### EXERCISE BRIEF
For this exercise, reproduce the entries below exactly, but only from the line containing "Cartera de hombre." through the line containing "McClung desafía la", both included.

[Start of Attachment]

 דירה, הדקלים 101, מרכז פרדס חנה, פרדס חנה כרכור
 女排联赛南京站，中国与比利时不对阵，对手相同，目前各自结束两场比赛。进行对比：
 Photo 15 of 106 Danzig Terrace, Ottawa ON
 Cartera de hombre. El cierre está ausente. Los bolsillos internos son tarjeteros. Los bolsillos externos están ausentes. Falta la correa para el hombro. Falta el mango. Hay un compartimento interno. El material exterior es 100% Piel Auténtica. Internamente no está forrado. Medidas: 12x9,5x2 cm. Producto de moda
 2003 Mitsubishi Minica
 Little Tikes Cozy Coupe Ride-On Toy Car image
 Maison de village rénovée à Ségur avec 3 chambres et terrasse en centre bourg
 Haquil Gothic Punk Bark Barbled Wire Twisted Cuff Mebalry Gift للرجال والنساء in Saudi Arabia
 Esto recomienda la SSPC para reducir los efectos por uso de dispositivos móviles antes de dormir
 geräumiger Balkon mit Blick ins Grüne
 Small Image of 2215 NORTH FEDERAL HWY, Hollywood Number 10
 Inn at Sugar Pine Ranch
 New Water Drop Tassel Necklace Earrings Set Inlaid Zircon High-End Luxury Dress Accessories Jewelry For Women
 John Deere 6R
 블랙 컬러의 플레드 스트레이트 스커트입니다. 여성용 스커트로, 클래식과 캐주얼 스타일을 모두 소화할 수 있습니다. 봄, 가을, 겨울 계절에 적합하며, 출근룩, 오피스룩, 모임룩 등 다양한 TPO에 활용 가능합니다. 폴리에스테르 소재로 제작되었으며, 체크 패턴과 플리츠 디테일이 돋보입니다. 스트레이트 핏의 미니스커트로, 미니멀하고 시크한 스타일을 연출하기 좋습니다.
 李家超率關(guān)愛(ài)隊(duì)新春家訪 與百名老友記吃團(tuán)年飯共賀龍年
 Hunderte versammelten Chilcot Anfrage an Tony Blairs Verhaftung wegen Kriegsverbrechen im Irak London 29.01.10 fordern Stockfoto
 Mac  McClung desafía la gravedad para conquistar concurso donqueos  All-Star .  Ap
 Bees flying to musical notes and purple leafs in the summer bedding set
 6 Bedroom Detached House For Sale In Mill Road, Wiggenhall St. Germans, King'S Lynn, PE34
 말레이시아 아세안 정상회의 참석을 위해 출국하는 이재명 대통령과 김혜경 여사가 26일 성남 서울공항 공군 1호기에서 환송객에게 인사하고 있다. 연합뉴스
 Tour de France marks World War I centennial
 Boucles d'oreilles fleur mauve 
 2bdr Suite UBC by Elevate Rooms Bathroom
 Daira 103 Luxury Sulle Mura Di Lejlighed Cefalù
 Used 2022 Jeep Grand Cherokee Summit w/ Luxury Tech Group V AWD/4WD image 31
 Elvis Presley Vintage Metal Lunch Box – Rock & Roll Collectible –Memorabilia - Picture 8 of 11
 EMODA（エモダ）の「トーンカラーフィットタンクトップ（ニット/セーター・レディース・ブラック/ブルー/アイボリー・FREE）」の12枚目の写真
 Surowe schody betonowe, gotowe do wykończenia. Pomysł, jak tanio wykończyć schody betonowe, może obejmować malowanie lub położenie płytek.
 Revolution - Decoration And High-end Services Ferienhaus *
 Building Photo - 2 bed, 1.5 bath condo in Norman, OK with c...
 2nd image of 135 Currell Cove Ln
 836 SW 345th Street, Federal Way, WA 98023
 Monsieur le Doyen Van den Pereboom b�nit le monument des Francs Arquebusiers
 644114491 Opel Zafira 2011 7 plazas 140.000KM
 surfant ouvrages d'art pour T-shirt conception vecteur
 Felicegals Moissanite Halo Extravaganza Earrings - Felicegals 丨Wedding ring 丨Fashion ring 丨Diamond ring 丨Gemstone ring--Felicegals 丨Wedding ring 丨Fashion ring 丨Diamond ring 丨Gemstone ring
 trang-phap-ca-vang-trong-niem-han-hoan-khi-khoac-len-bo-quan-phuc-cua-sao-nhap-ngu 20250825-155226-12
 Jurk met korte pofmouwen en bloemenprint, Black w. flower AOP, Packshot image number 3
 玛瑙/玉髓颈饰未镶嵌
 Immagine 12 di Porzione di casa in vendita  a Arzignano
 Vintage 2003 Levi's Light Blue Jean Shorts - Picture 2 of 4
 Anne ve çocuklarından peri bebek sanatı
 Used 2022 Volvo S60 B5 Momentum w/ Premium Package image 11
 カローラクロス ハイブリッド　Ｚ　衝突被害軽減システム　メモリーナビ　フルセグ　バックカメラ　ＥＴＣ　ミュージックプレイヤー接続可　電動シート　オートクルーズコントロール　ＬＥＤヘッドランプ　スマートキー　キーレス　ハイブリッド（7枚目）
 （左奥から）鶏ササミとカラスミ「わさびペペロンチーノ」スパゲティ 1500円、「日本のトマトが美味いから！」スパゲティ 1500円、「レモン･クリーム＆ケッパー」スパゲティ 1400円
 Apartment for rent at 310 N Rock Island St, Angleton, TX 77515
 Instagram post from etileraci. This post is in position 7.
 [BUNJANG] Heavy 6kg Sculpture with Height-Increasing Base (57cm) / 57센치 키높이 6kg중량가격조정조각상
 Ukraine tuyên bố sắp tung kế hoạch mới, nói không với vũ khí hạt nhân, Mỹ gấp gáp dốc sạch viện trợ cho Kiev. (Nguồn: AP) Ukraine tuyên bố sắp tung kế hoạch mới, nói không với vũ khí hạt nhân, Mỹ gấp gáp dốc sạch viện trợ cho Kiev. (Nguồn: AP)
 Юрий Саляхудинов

[End of Attachment]

### TASK RESULT
 Cartera de hombre. El cierre está ausente. Los bolsillos internos son tarjeteros. Los bolsillos externos están ausentes. Falta la correa para el hombro. Falta el mango. Hay un compartimento interno. El material exterior es 100% Piel Auténtica. Internamente no está forrado. Medidas: 12x9,5x2 cm. Producto de moda
 2003 Mitsubishi Minica
 Little Tikes Cozy Coupe Ride-On Toy Car image
 Maison de village rénovée à Ségur avec 3 chambres et terrasse en centre bourg
 Haquil Gothic Punk Bark Barbled Wire Twisted Cuff Mebalry Gift للرجال والنساء in Saudi Arabia
 Esto recomienda la SSPC para reducir los efectos por uso de dispositivos móviles antes de dormir
 geräumiger Balkon mit Blick ins Grüne
 Small Image of 2215 NORTH FEDERAL HWY, Hollywood Number 10
 Inn at Sugar Pine Ranch
 New Water Drop Tassel Necklace Earrings Set Inlaid Zircon High-End Luxury Dress Accessories Jewelry For Women
 John Deere 6R
 블랙 컬러의 플레드 스트레이트 스커트입니다. 여성용 스커트로, 클래식과 캐주얼 스타일을 모두 소화할 수 있습니다. 봄, 가을, 겨울 계절에 적합하며, 출근룩, 오피스룩, 모임룩 등 다양한 TPO에 활용 가능합니다. 폴리에스테르 소재로 제작되었으며, 체크 패턴과 플리츠 디테일이 돋보입니다. 스트레이트 핏의 미니스커트로, 미니멀하고 시크한 스타일을 연출하기 좋습니다.
 李家超率關(guān)愛(ài)隊(duì)新春家訪 與百名老友記吃團(tuán)年飯共賀龍年
 Hunderte versammelten Chilcot Anfrage an Tony Blairs Verhaftung wegen Kriegsverbrechen im Irak London 29.01.10 fordern Stockfoto
 Mac  McClung desafía la gravedad para conquistar concurso donqueos  All-Star .  Ap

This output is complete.